Characteristic numerical relativity applied to hydrodynamic studies of neutron stars

TL;DR

This paper introduces a new axisymmetric, fully general relativistic code for simulating neutron stars, demonstrating its stability and ability to track gravitational wave emission accurately.

Contribution

The authors develop and validate a novel numerical relativity code based on the Bondi metric for hydrodynamic studies of neutron stars in axisymmetry.

Findings

Code maintains long-term stability of neutron star models.

Accurately conserves energy and tracks gravitational wave emission.

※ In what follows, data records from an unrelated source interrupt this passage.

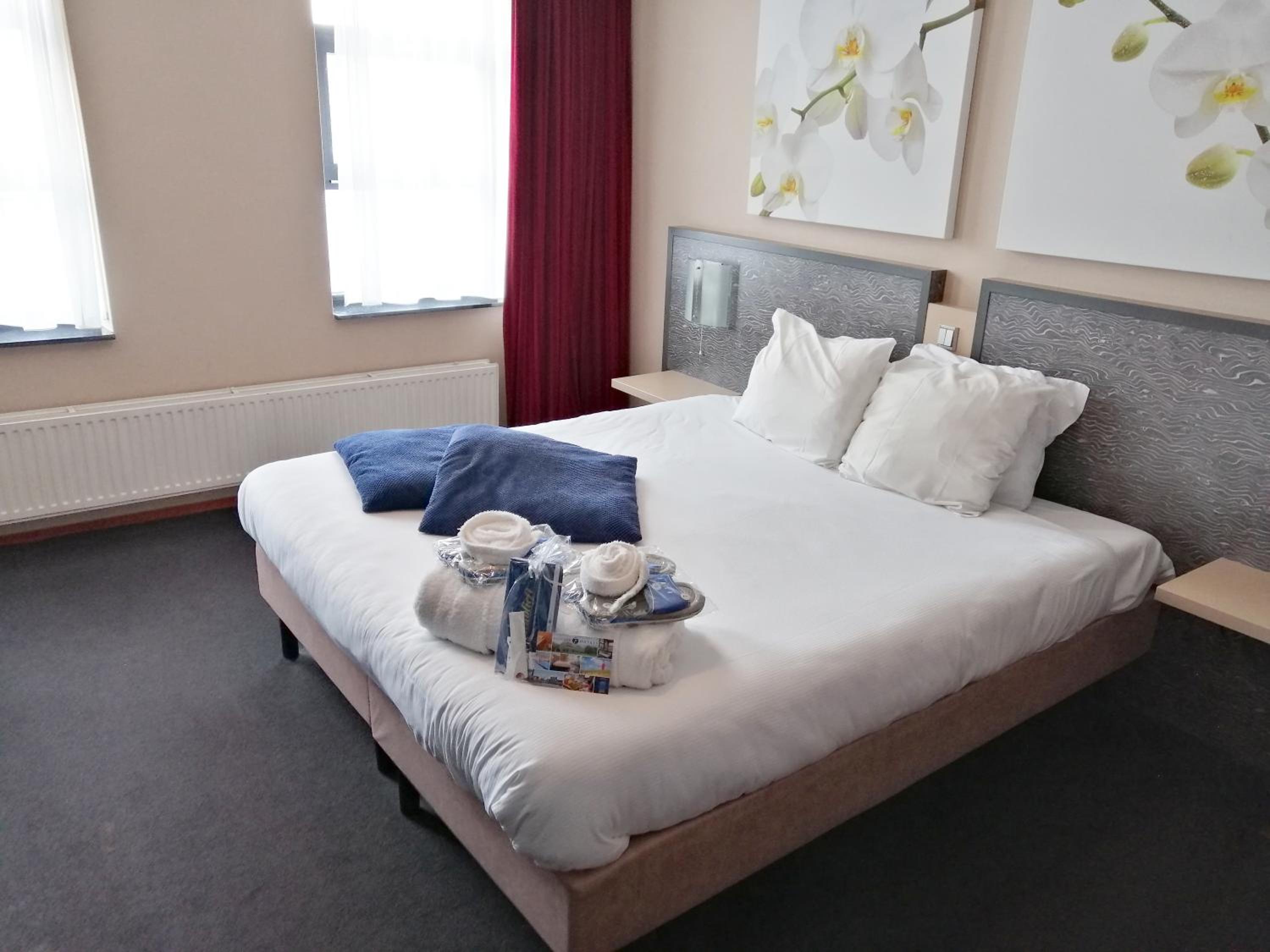 Executive Suite - Photo 1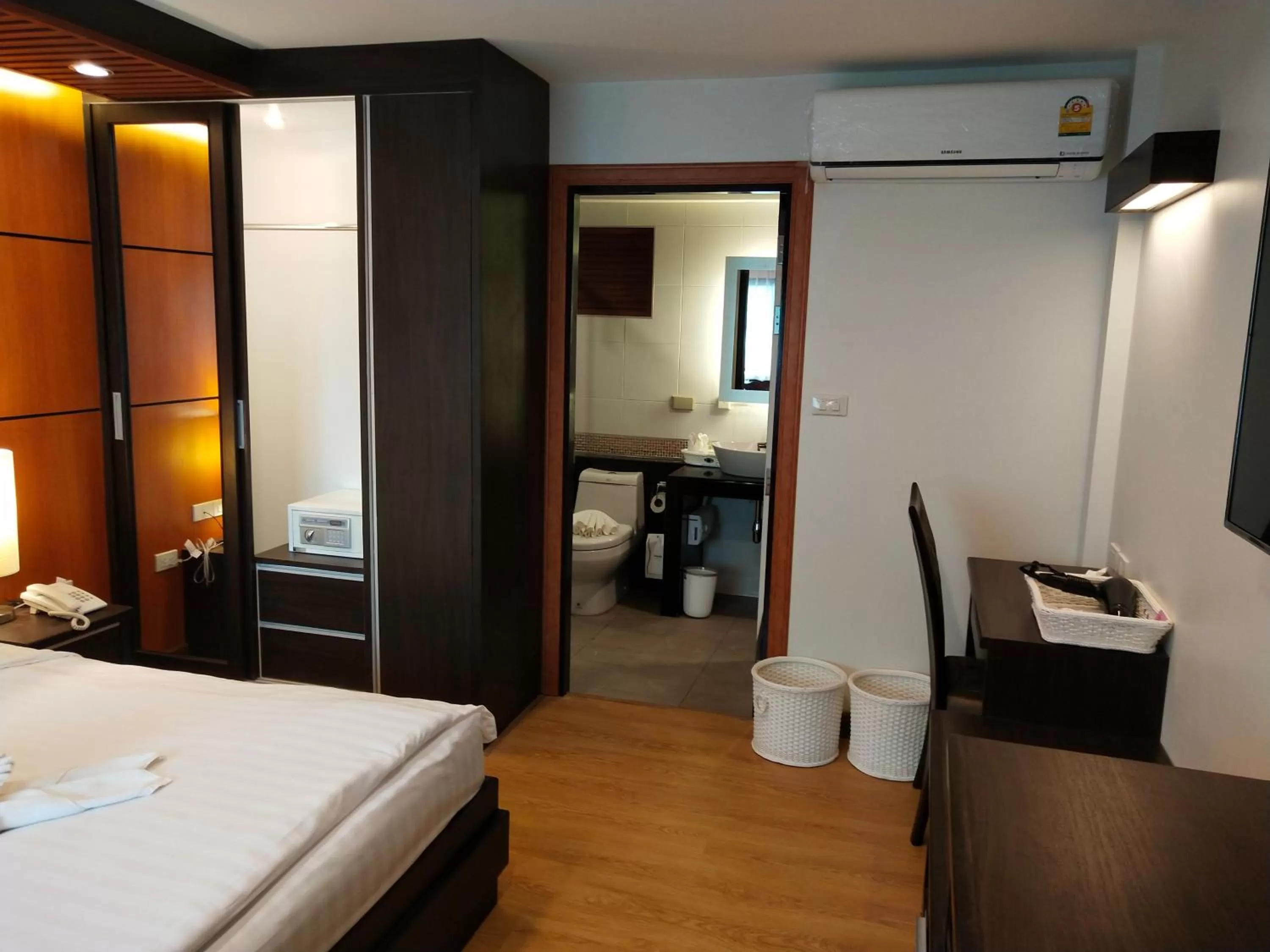 Photo of the whole room, Bed in Hotel De Wualai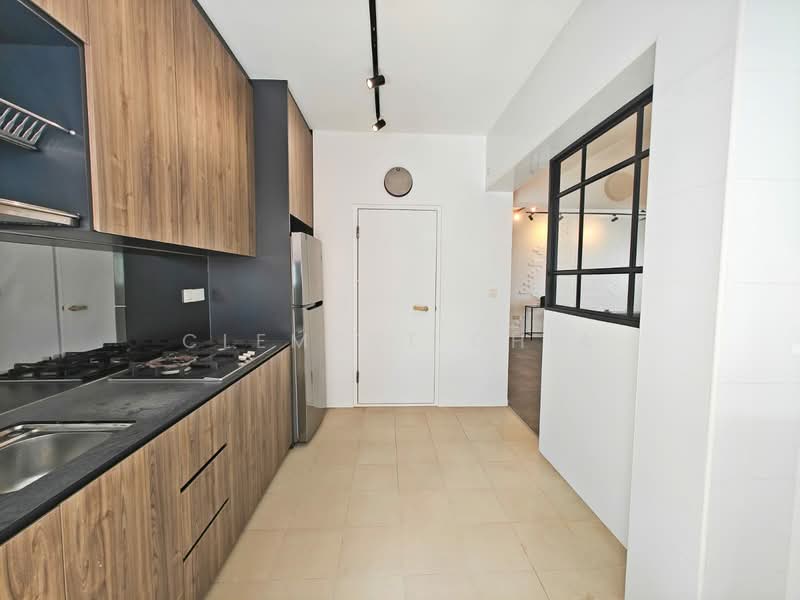 443B Bukit Batok West Avenue 8, 443B Bukit Batok West Avenue 8, 3 Bedrooms, 990 sqft, HDB Flat For Rent, by Clement Chia, 500129350 - Kitchen - PropertyGuru.com.sg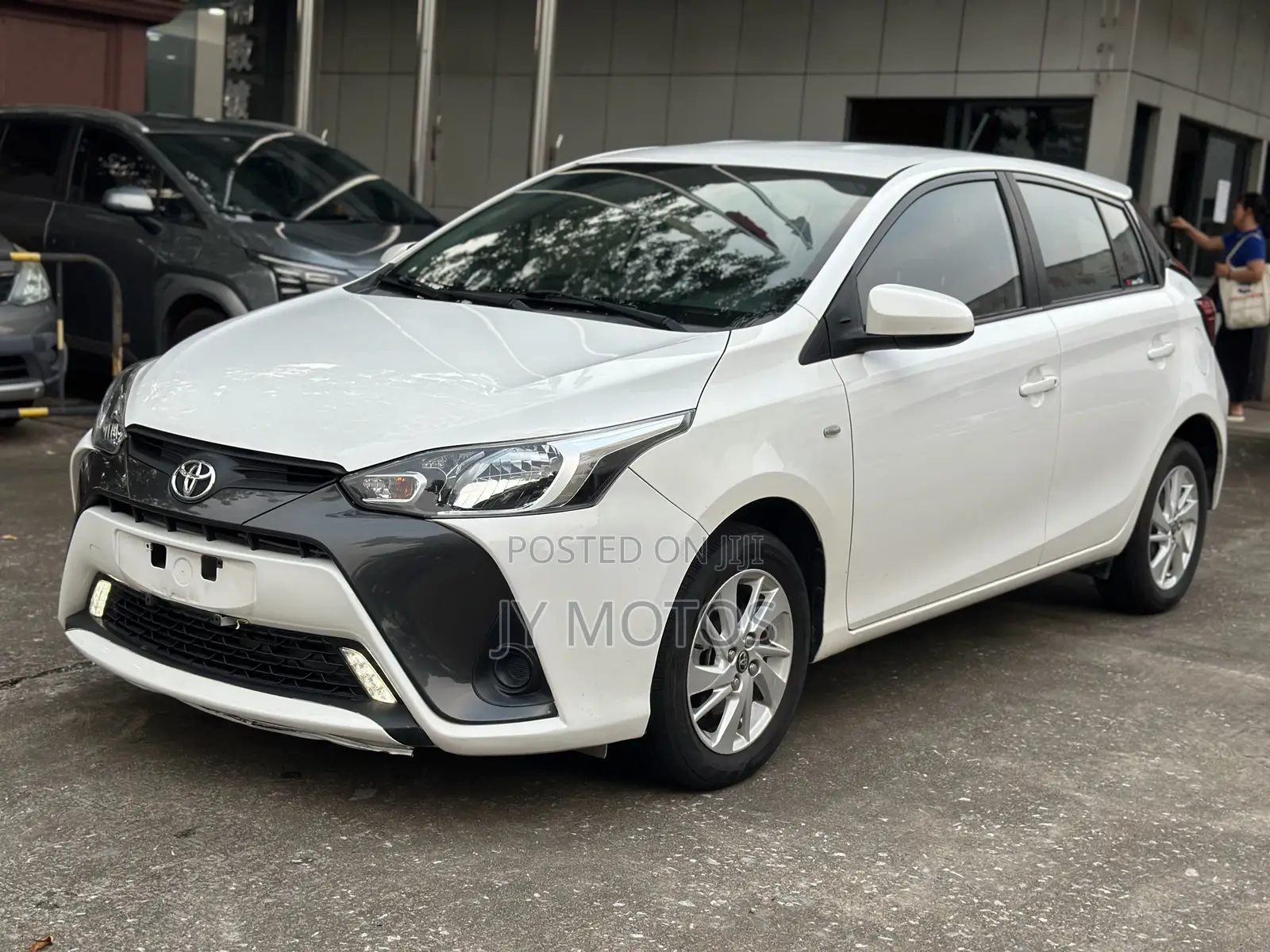 Toyota Yaris L Sedan 4dr 2019 White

Demonstrates global energy conservation in perturbed neutron stars.

Abstract

We present tests and results of a new axisymmetric, fully general relativistic code capable of solving the coupled Einstein-matter system for a perfect fluid matter field. Our implementation is based on the Bondi metric, by which the spacetime is foliated with a family of outgoing light cones. We use high-resolution shock-capturing schemes to solve the fluid equations. The code can accurately maintain long-term stability of a spherically symmetric, relativistic, polytropic equilibrium model of a neutron star. In axisymmetry, we demonstrate global energy conservation of a perturbed neutron star in a compactified spacetime, for which the total energy radiated away by gravitational waves corresponds to a significant fraction of the Bondi mass.